Seed-packed dielectric barrier device for plasma agriculture: understanding its electrical properties through an equivalent electrical model

TL;DR

This study develops and validates an equivalent electrical model to understand how seed packing in a dielectric barrier device influences plasma electrical properties and germination outcomes across different seed types.

Contribution

The paper introduces a novel equivalent electrical model for plasma-seed interactions and demonstrates its ability to analyze seed effects on plasma properties and germination.

Findings

Seed packing increases gas capacitance and alters filament breakdown voltages.

The model estimates contact volume and seed capacitance in packed-bed configurations.

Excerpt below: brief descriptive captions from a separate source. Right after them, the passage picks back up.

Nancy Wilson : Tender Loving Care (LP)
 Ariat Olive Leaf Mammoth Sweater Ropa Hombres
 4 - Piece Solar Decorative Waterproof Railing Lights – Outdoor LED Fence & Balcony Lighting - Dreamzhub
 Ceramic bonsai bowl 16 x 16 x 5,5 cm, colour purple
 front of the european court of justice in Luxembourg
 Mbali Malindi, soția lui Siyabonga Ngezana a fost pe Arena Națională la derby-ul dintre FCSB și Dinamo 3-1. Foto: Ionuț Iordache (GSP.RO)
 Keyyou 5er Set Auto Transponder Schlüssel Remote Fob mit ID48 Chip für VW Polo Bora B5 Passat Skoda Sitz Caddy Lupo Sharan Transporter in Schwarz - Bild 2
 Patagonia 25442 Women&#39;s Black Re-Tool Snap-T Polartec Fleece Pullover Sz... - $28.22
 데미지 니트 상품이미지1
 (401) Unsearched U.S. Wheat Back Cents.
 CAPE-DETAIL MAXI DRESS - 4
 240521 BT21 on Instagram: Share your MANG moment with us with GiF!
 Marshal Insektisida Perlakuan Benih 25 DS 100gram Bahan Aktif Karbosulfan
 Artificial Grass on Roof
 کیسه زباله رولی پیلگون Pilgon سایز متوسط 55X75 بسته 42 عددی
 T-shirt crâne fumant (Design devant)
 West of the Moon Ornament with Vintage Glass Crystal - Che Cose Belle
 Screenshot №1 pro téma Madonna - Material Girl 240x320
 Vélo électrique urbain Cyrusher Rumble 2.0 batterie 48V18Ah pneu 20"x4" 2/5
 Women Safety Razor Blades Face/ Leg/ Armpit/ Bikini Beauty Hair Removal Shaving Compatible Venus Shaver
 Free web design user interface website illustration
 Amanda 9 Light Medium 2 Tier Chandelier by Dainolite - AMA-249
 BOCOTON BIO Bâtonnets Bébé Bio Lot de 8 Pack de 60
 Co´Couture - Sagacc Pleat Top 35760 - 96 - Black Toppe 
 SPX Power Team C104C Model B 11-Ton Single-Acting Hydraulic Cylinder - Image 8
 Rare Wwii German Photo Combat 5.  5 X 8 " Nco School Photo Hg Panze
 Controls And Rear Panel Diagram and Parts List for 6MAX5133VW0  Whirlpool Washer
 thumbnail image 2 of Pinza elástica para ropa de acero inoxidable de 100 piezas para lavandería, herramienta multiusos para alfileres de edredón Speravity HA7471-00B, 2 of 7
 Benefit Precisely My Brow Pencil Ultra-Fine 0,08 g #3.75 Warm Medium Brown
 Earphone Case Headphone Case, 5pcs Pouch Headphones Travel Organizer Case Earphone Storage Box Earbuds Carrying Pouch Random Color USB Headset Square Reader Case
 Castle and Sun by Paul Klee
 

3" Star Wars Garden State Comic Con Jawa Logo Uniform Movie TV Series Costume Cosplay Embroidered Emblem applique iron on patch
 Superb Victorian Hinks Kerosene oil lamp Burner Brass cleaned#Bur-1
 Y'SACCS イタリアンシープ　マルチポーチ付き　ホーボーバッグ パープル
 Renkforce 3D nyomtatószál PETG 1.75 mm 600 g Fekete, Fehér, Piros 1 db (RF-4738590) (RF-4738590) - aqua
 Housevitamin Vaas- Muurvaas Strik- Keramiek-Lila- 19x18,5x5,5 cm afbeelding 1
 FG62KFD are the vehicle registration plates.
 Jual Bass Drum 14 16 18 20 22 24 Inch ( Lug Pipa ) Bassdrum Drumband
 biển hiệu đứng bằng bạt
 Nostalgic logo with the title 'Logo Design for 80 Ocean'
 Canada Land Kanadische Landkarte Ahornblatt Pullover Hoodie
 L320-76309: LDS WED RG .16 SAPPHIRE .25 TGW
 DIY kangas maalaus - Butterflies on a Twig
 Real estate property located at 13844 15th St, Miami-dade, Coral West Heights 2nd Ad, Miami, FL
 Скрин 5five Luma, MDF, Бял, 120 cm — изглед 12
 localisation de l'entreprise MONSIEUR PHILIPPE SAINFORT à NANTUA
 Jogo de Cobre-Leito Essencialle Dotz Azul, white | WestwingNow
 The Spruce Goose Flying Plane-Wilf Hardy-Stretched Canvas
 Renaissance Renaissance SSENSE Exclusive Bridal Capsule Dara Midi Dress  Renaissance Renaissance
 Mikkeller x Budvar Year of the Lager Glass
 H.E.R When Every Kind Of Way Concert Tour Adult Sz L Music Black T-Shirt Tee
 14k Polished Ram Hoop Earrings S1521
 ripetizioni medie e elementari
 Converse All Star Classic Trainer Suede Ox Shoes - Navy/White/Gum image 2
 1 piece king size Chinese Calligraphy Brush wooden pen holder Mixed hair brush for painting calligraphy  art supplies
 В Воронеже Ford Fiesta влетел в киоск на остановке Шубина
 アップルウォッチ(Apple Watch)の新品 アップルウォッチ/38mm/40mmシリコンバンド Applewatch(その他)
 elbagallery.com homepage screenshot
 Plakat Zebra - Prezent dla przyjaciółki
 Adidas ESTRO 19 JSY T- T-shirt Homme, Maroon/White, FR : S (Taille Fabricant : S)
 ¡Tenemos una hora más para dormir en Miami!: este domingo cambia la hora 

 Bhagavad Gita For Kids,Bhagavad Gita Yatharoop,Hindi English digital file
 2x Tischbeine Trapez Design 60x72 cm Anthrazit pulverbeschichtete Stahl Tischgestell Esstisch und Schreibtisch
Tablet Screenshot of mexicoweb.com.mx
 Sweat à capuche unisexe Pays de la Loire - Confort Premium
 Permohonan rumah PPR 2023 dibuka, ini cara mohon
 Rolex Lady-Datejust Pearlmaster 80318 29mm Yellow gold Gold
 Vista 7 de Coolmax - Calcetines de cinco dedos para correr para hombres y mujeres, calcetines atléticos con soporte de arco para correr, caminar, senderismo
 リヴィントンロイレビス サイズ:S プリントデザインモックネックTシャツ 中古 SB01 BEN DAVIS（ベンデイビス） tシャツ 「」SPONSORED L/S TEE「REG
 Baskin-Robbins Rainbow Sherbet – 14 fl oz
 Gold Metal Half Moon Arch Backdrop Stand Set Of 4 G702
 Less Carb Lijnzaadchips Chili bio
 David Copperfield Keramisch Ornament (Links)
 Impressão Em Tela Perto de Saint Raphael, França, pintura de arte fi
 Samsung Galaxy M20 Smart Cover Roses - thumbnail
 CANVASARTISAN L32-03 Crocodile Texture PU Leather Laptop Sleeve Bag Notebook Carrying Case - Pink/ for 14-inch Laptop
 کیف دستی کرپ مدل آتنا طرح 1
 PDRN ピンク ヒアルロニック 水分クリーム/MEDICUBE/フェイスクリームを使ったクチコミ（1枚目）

Plasma treatment enhances germination in four out of six seed types.

Abstract

Seeds have been packed in a dielectric barrier device where cold atmospheric plasma has been generated to improve their germinative properties. A special attention has been paid on understanding the resulting plasma electrical properties through an equivalent electrical model whose experimental validity has been demonstrated here. In this model, the interelectrode gap is subdivided into 4 types of elementary domains, according to whether they contain electric charges (or not) and according to their type of medium (gas, seed or insulator). The model enables to study the influence of seeds on the plasma electrical properties by measuring and deducing several parameters (charge per filament, gas capacitance, plasma power, ...) either in no-bed configuration (i.e. no seed in the reactor) or in packed-bed configuration (seeds in the reactor). In that second case, we have investigated how seeds can influence the plasma electrical parameters considering six specimens of seeds (beans, radishes, corianders, lentils, sunflowers and corns). The influence of molecular oxygen (0-100 sccm) mixed with a continuous flow rate of helium (2 slm) is also investigated, especially through filaments breakdown voltages, charge per filament and plasma power. It is demonstrated that such bed-packing drives to an increase in the gas capacitance, to a decrease in the beta-parameter and to variations of the filaments' breakdown voltages in a seed-dependent manner. Finally, we show how the equivalent electrical model can be used to assess the total volume of the contact points, the capacitance of the seeds in the packed-bed configuration and we demonstrate that germinative effects can be induced by plasma on four of the six agronomical specimens.